TASK — Leave out all pictures while you copy the lines exactly from the one with "Ribbond Reinforced Large" through the last line of the listing.

PROVIDED INFORMATION —
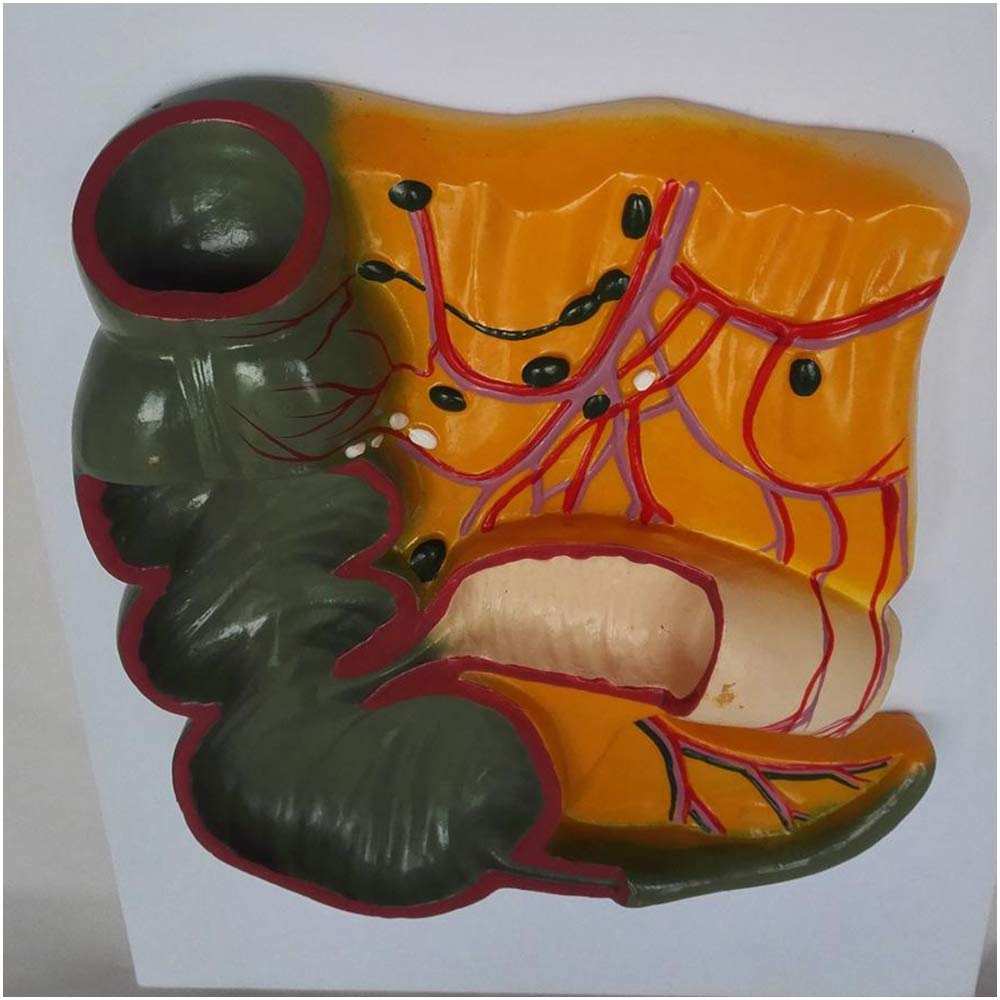 Sjdopulse Intestinal Anatomical Model - Human Appendix Cecum Anatomy Model - Human Organ Anatomical Model Intestinal Pathological Model - For Medical Study Teaching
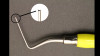 Ribbond Reinforced Large Composite Restorations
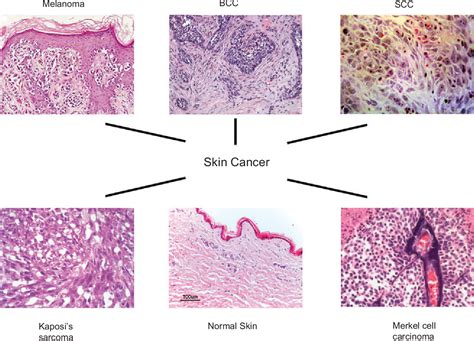 Merkel Cell Histology Histopathology Images Of Small Cell Carcinoma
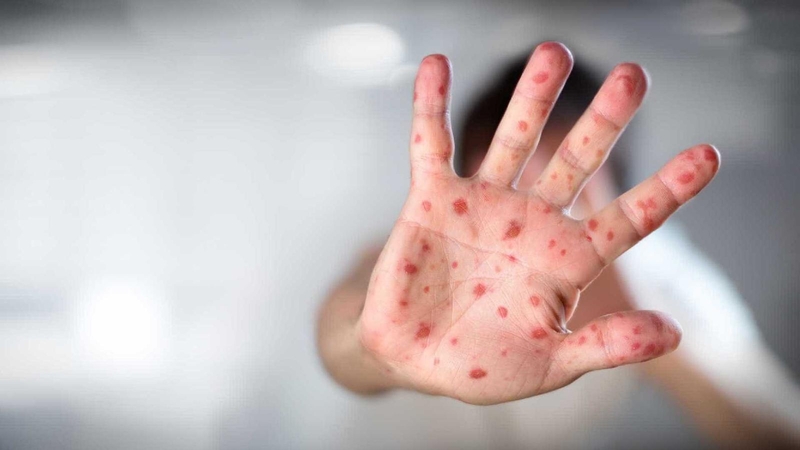 Sergamumas tymais mažėja, tačiau viruso plitimą numatyti sunku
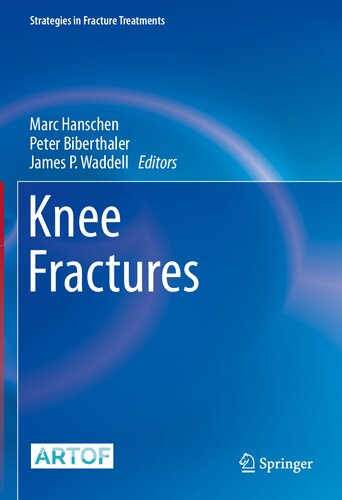 ﻿شکستگی زانو (استراتژی در درمان شکستگی)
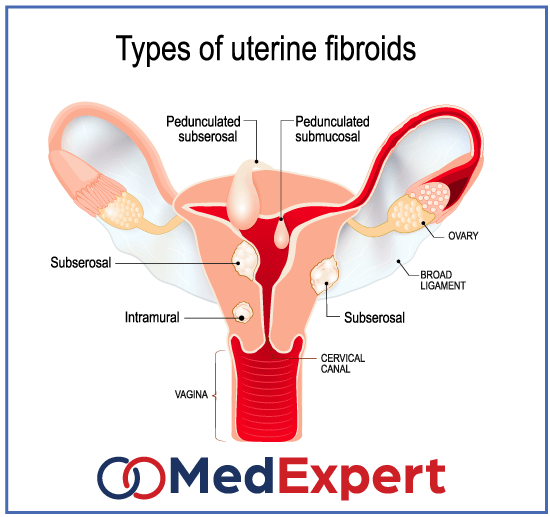 uterine fibroids; fibroid types; Uterine fibroids treatment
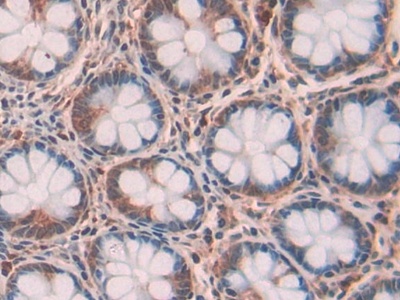 Ribonuclease T2 (RNASET2) Human Polyclonal Antibody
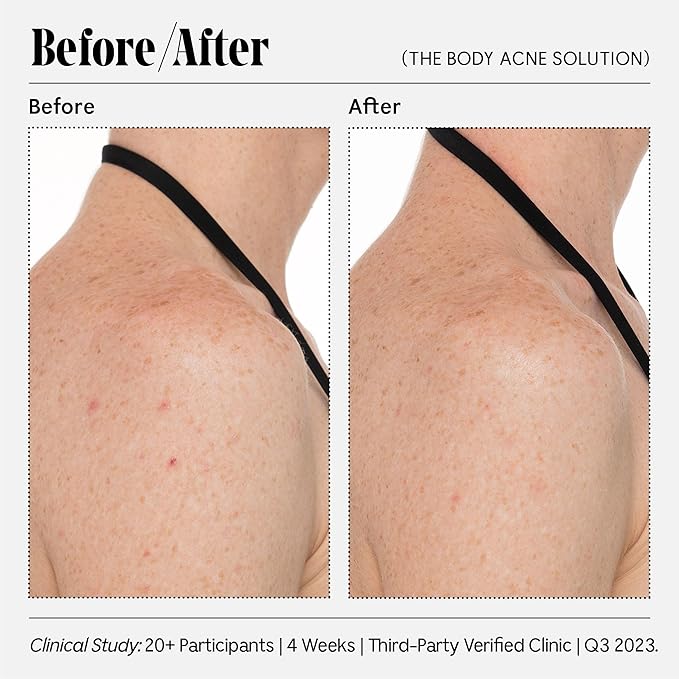 Necessaire Body Acne Solution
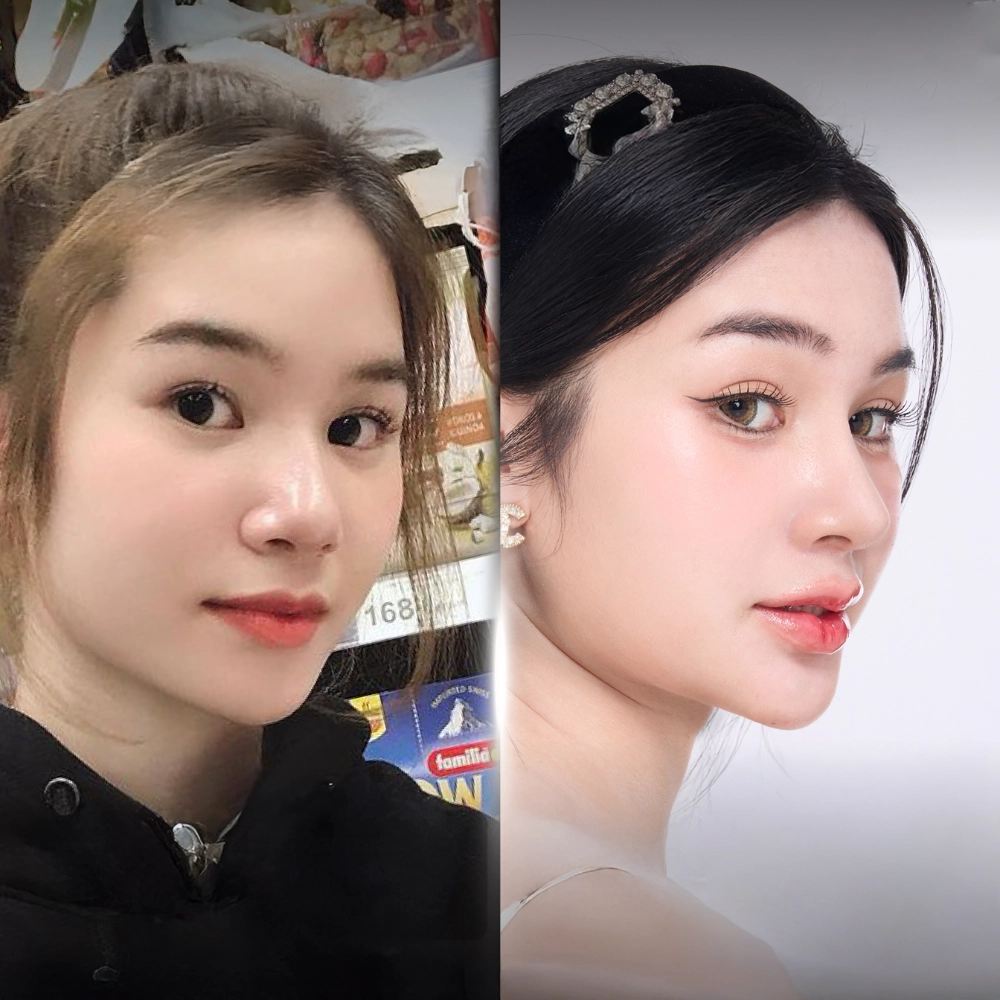 Sụn sườn sau khi lấy cần được xử lý và tạo hình phù hợp với từng vị trí trên mũi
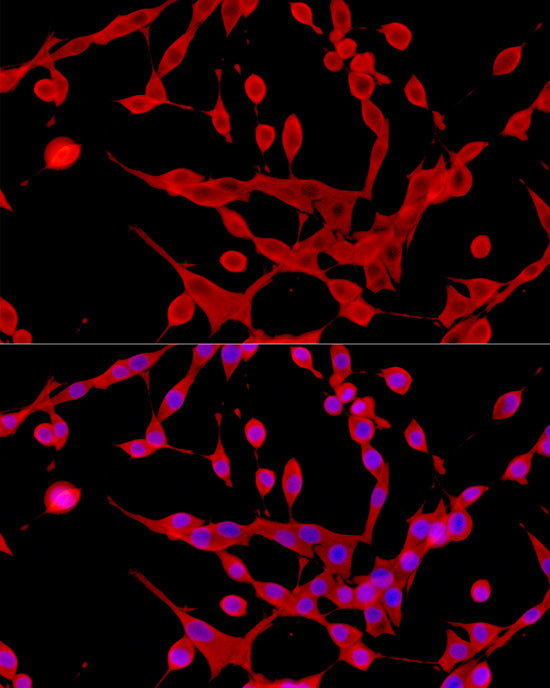 Galectin 3/LGALS3 Rabbit mAb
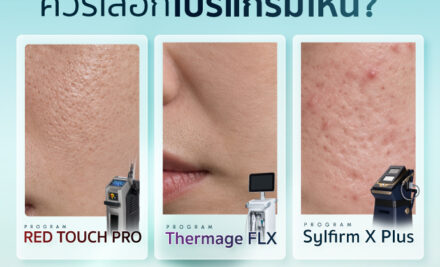 ผิวมีปัญหาแบบนี้ ควรเลือกโปรแกรมไหนดี? เจาะลึก 3 นวัตกรรมกู้ผิว RedTouch Pro, Thermage FLX และ SYLFIRM X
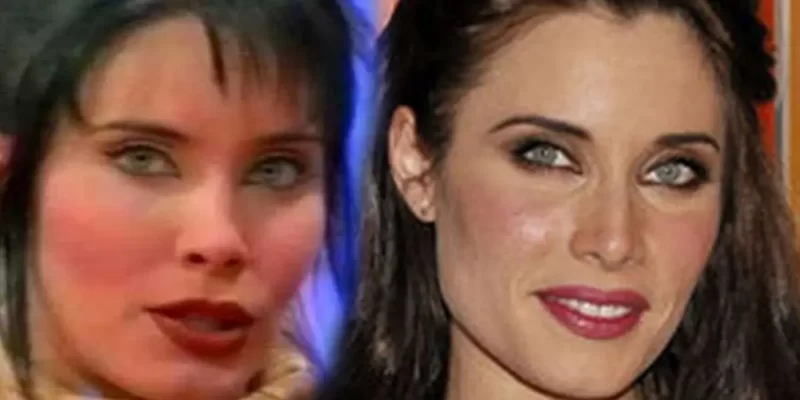 Pilar Rubio antes y después de su rinoplastia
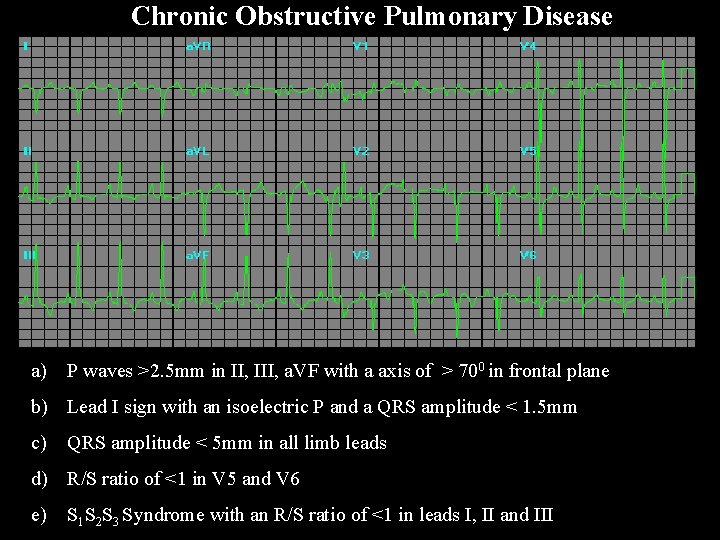 Chronic Obstructive Pulmonary Disease a) P waves >2. 5 mm in II, III, a.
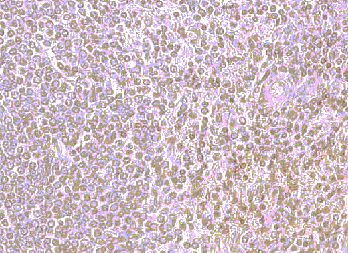 CXCR4 Antibody - Immunohistochemistry of paraffin-embeddedi human spleen stained with Goat anti-Human CD184 (N-terminal)
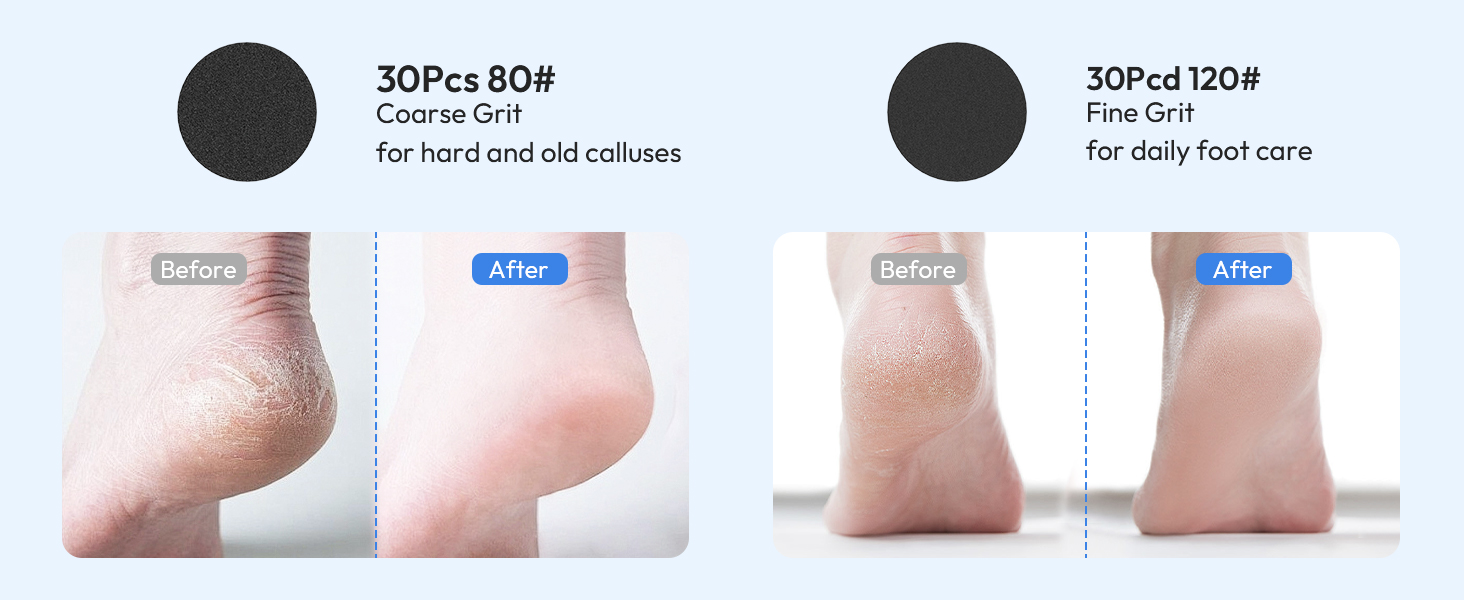 electric foot callus remover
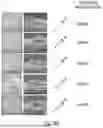 Fig. 58 - METHOD OF REDUCING CST FLUCTUATION IN NEOVASCULAR AMD BY A RECOMBINANT ADENO-ASSOCIATED VIRUS
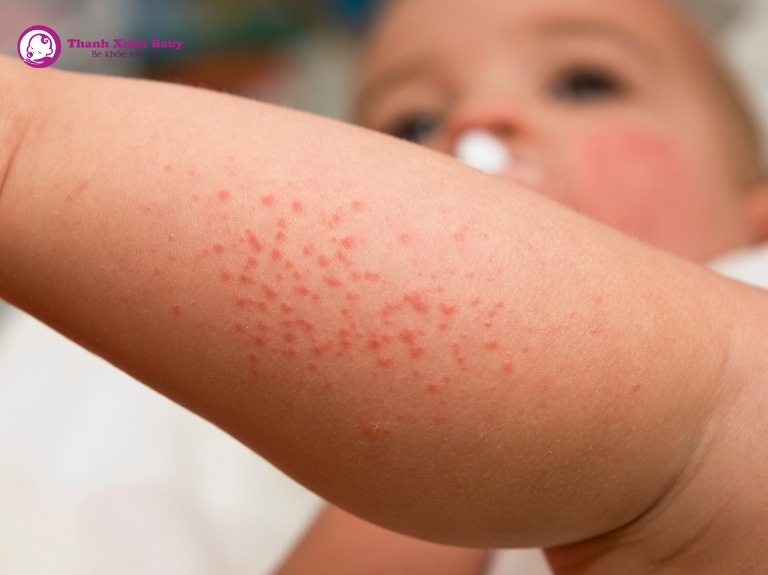 trẻ không hợp sữa dễ bị phát ban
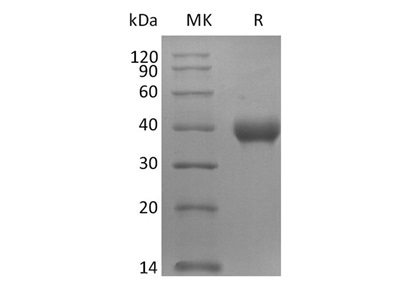Recombinant SARS-COV-2 Spike Protein (RBD-SD1, His Tag)
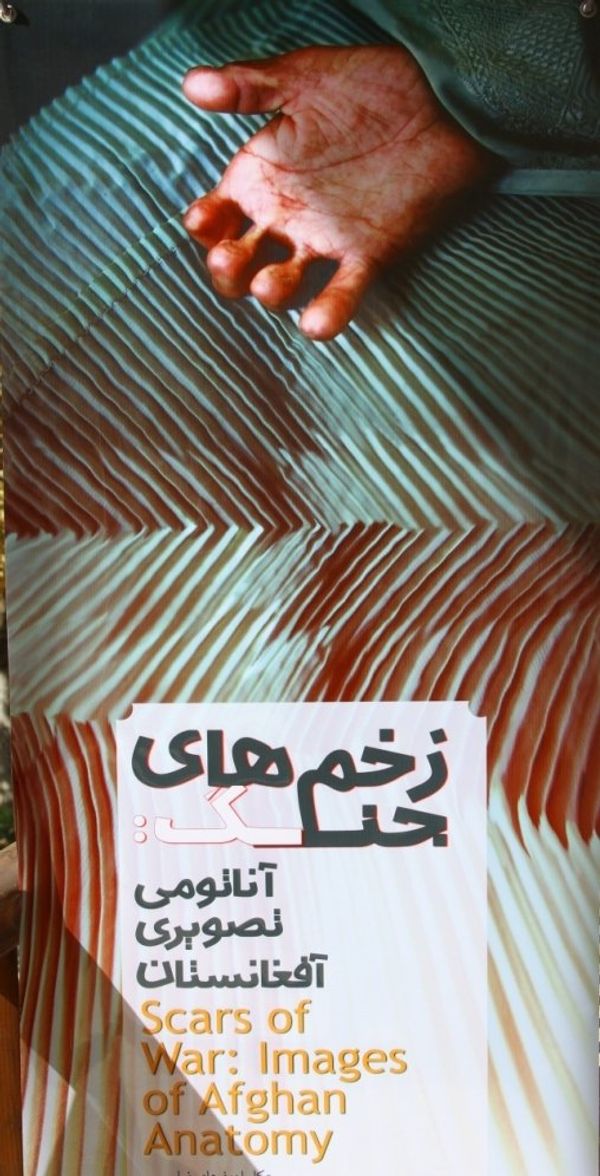 Afghanistan: the scars of war Afghanistan: the scars of war - Sputnik International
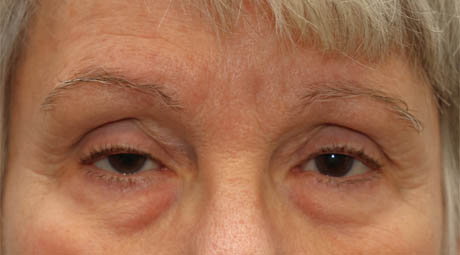 1_0001_lowerlids (2).jpg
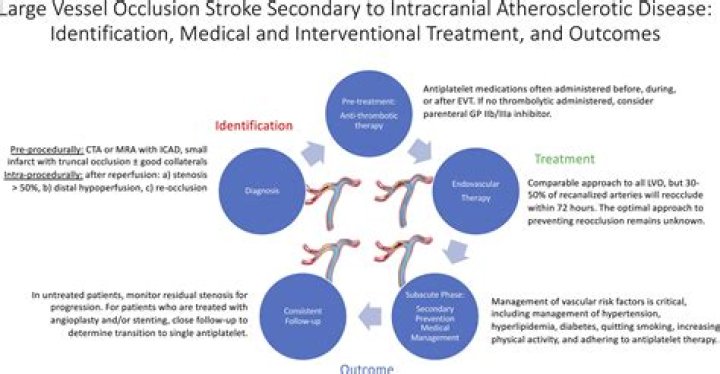 What is considered a large stroke?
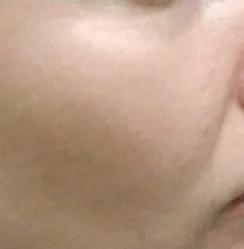 Photodynamic therapy, sun damage, after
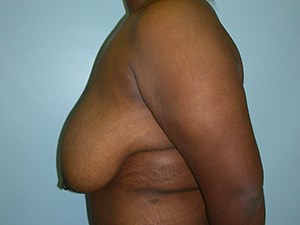 Breast Reduction Before and After Pictures Miami, FL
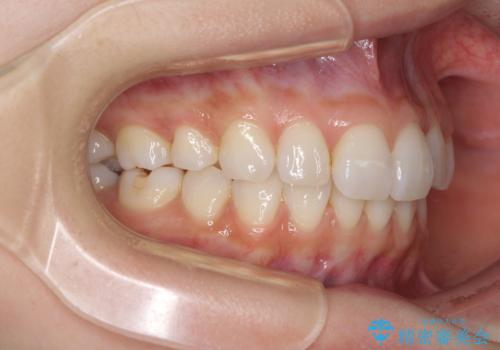 矯正治療の後戻り インビザラインによる再矯正治療の治療後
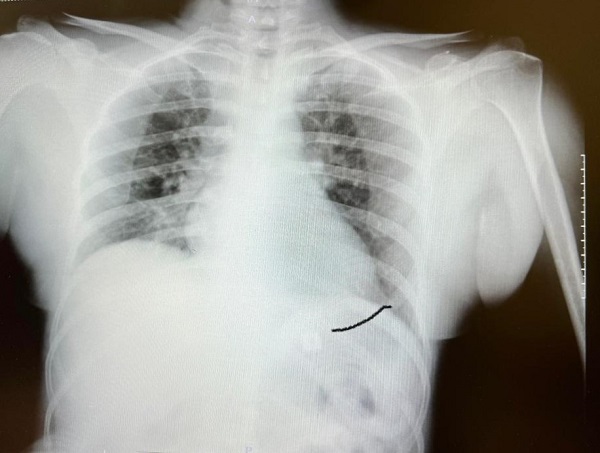 Foto - Bu ameliyat Türkiye'de yapıldı! Tıp literatüründe ender görülen olay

THE ANSWER —
 Ribbond Reinforced Large Composite Restorations
 Merkel Cell Histology Histopathology Images Of Small Cell Carcinoma
 Sergamumas tymais mažėja, tačiau viruso plitimą numatyti sunku
 ﻿شکستگی زانو (استراتژی در درمان شکستگی)
 uterine fibroids; fibroid types; Uterine fibroids treatment
 Ribonuclease T2 (RNASET2) Human Polyclonal Antibody
 Necessaire Body Acne Solution
 Sụn sườn sau khi lấy cần được xử lý và tạo hình phù hợp với từng vị trí trên mũi
 Galectin 3/LGALS3 Rabbit mAb
 ผิวมีปัญหาแบบนี้ ควรเลือกโปรแกรมไหนดี? เจาะลึก 3 นวัตกรรมกู้ผิว RedTouch Pro, Thermage FLX และ SYLFIRM X
 Pilar Rubio antes y después de su rinoplastia
 Chronic Obstructive Pulmonary Disease a) P waves >2. 5 mm in II, III, a.
 CXCR4 Antibody - Immunohistochemistry of paraffin-embeddedi human spleen stained with Goat anti-Human CD184 (N-terminal)
 electric foot callus remover
 Fig. 58 - METHOD OF REDUCING CST FLUCTUATION IN NEOVASCULAR AMD BY A RECOMBINANT ADENO-ASSOCIATED VIRUS
 trẻ không hợp sữa dễ bị phát ban
Recombinant SARS-COV-2 Spike Protein (RBD-SD1, His Tag)
 Afghanistan: the scars of war Afghanistan: the scars of war - Sputnik International
 1_0001_lowerlids (2).jpg
 What is considered a large stroke?
 Photodynamic therapy, sun damage, after
 Breast Reduction Before and After Pictures Miami, FL
 矯正治療の後戻り インビザラインによる再矯正治療の治療後
 Foto - Bu ameliyat Türkiye'de yapıldı! Tıp literatüründe ender görülen olay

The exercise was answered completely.